Утверждение Гамеля подкрепляют и другие свидетельства. Хотя исследование российского производства оружия не входило в 1854 году в повестку дня Специального комитета по стрелковому оружию Британского парламента, отдельные отзывы британских наблюдателей позволяют предположить, что широкое использование специализированных станков и технологии штамповки позволяло обеспечить унификацию деталей. Джеймс Нэсмит и Ричард Проссер, обладатели патента на оборудование для изготовления гвоздей, пуговиц и трубок, высоко оценили машины и продукцию Тульского завода. Описывая усовершенствования в технологии штамповки кованого железа, Нэсмит рассказал, что поставлял паровые молоты в Россию, где его усовершенствования «были реализованы с большим успехом». Он полагал, что Тульский оружейный завод большую часть своих мушкетов производил с помощью машин, образцы которых он демонстрировал Специальному комитету.
Чтобы показать чистоту изготовления каждой детали, прислали мне экземпляры в том виде, в котором они сошли из-под штампа, а другие даже оставили с заусенцами, не опиливая их <…>; я считаю, что они используют такой же процесс, что и в Бирмингеме, но думаю, что это делается грубее[162].
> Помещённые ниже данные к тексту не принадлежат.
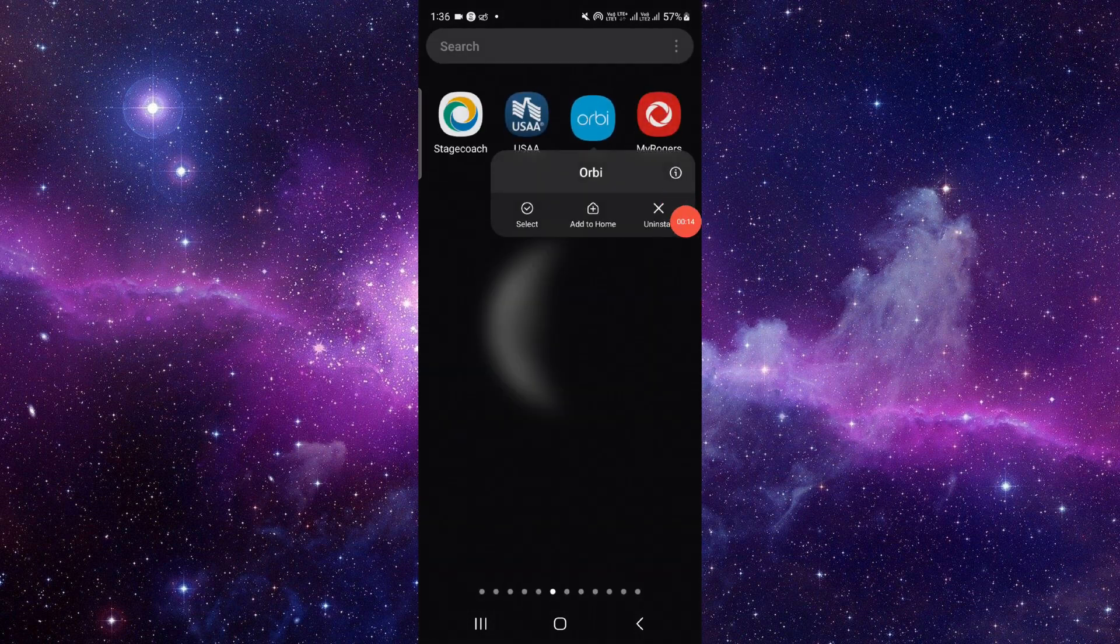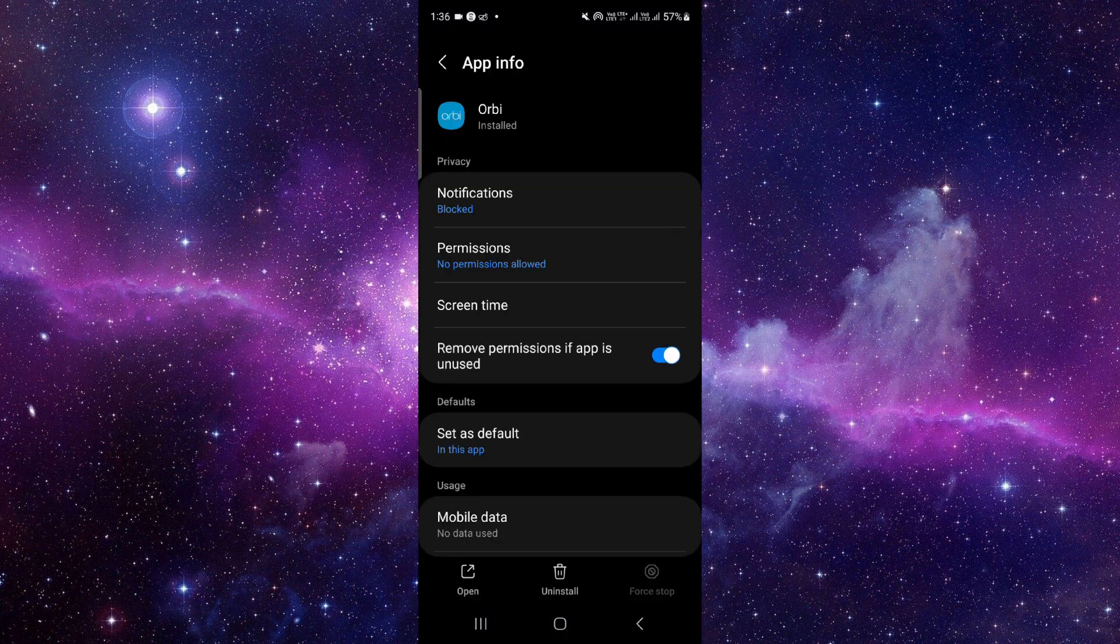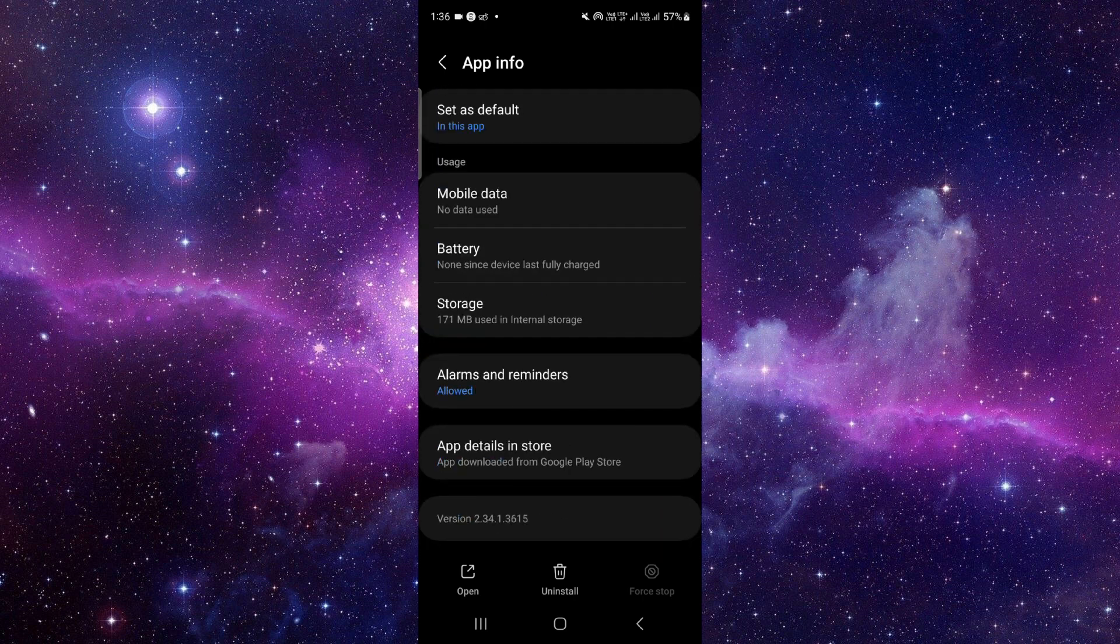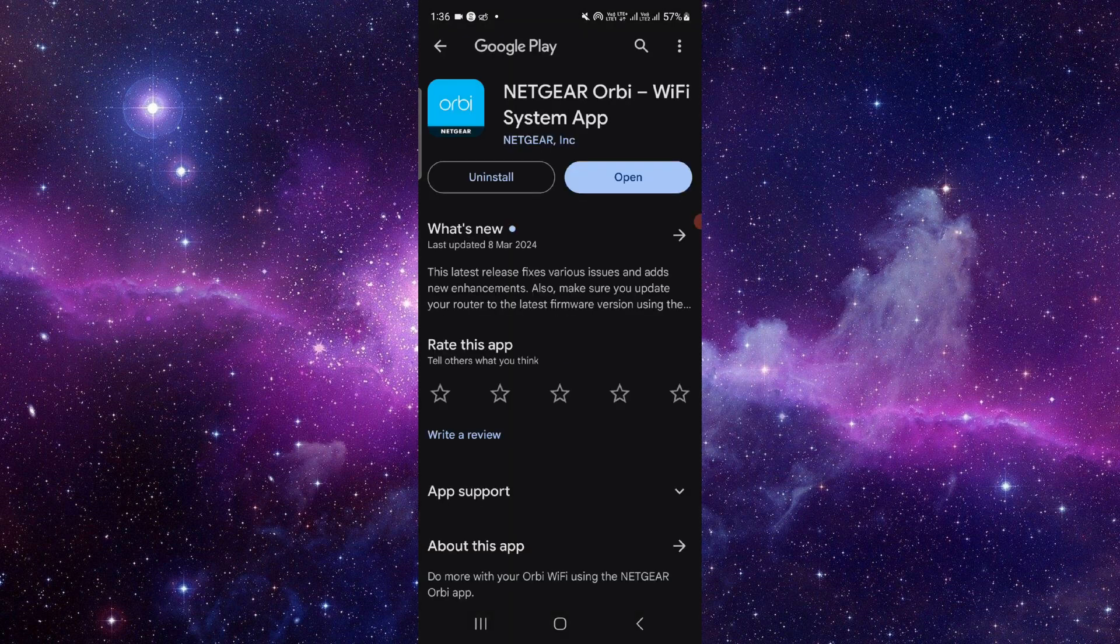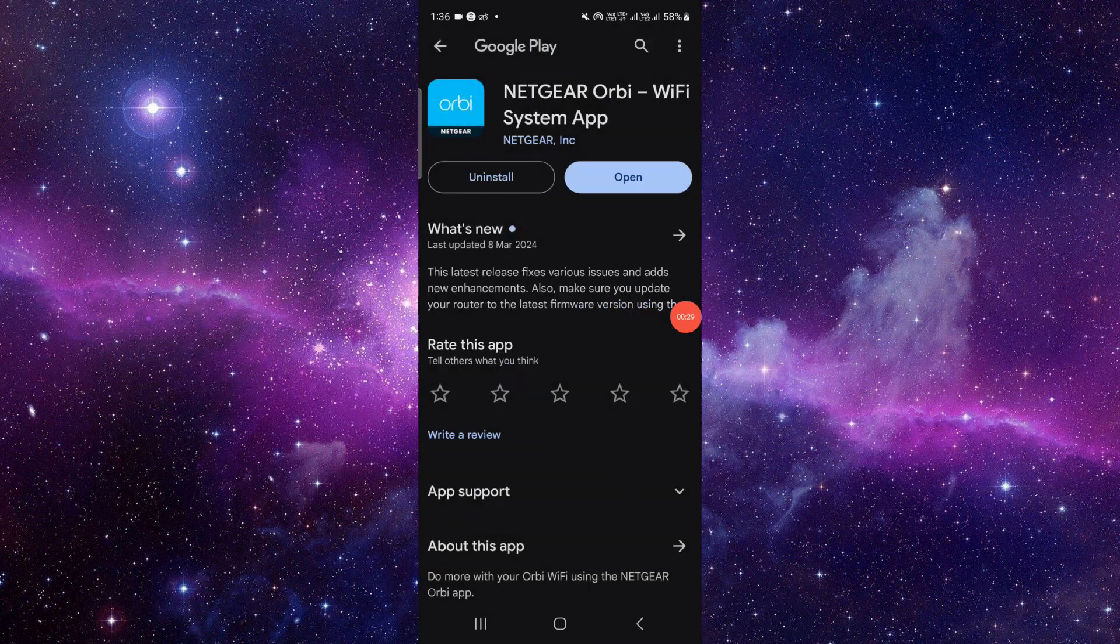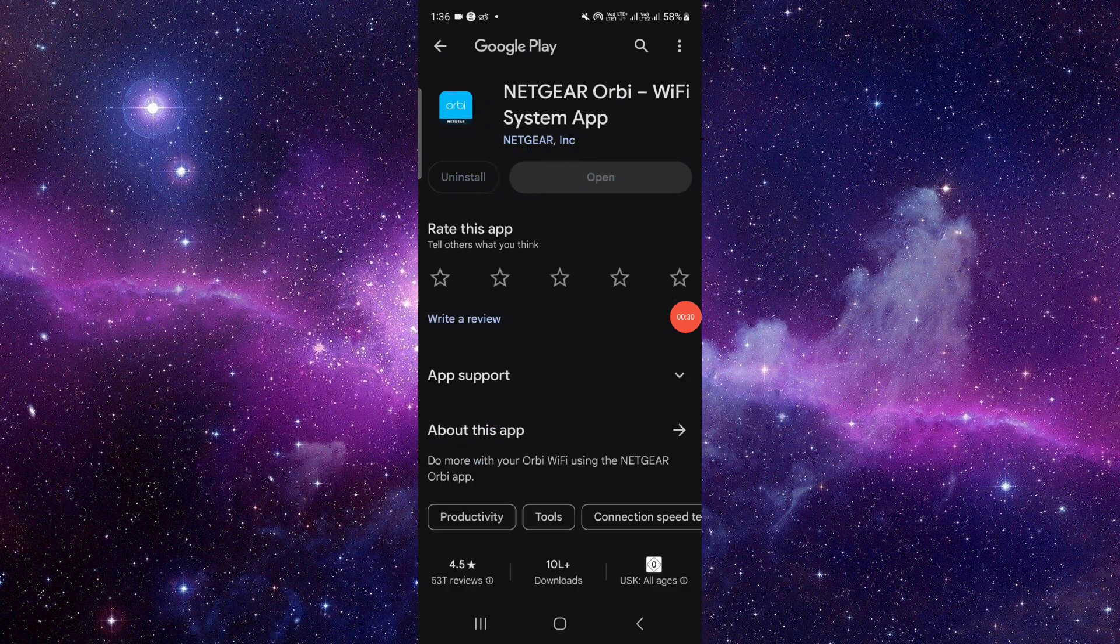Click on this i button. It will open the app info section. From here, scroll down to the last and then click on the last second option. Here you have to click on the uninstall button and then click uninstall, and that would be done.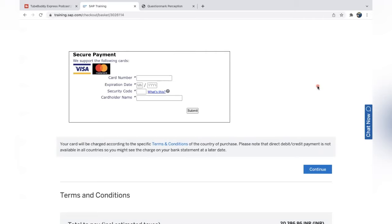I hope this video has helped you understand how to register for SAP certification. There are two options: one attempt and six attempts. For those on a budget, go for one attempt, prepare very well, and you can mostly clear it. There is no experience required — you can directly register. You're spending twenty thousand plus for three hours of exam, so ensure proper internet, power, and environment. Prepare well — good luck to all of you, thanks for watching.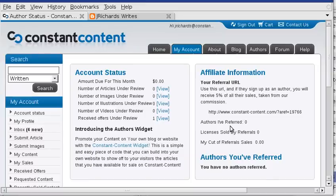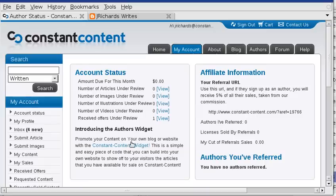We've had a few questions about how to install the Constant Content widget into your Blogger or Blogspot blog. I wanted to quickly go through it and try to clarify things a little bit.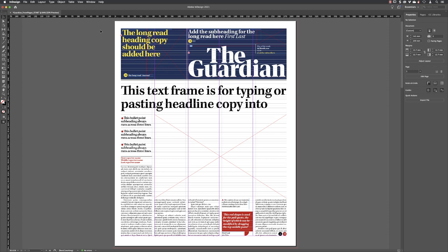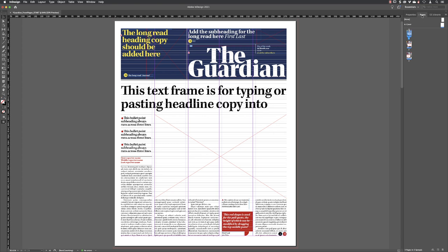Panels house a series of options that pertain to a specific task. One of them is the Pages panel — here in the upper right-hand side, if I click on the word 'Pages', it shows me thumbnails of all the pages in this document.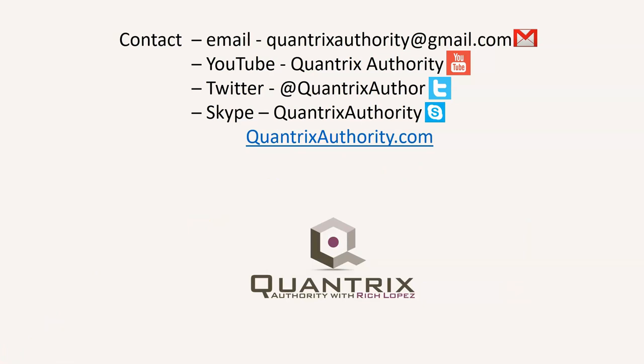Today's podcast is brought to you by Quantrixauthority.com. I love Quantrix, and I want to make you a Quantrix master.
Позже Нэсмит признал, что чистовая обработка изделий в Туле не связана с использованием его станков:
Нет, [машина] сделана русскими в Туле; но они настолько довольны результатами, что правительство решило значительно расширить [опыт], и, соответственно, запрос, смету для которого мы оценили в 12 000 [фунтов], предусматривал простое копирование и увеличение количества тех машин, которые уже есть в Туле. Я должен сказать, что они очень хорошо продуманы; мне было предложено исправить их по моему усмотрению, но я очень мало чего смог предложить. <…> Детали получались завершенными в полном смысле этого слова; механик назвал бы их качество наивысшим[163].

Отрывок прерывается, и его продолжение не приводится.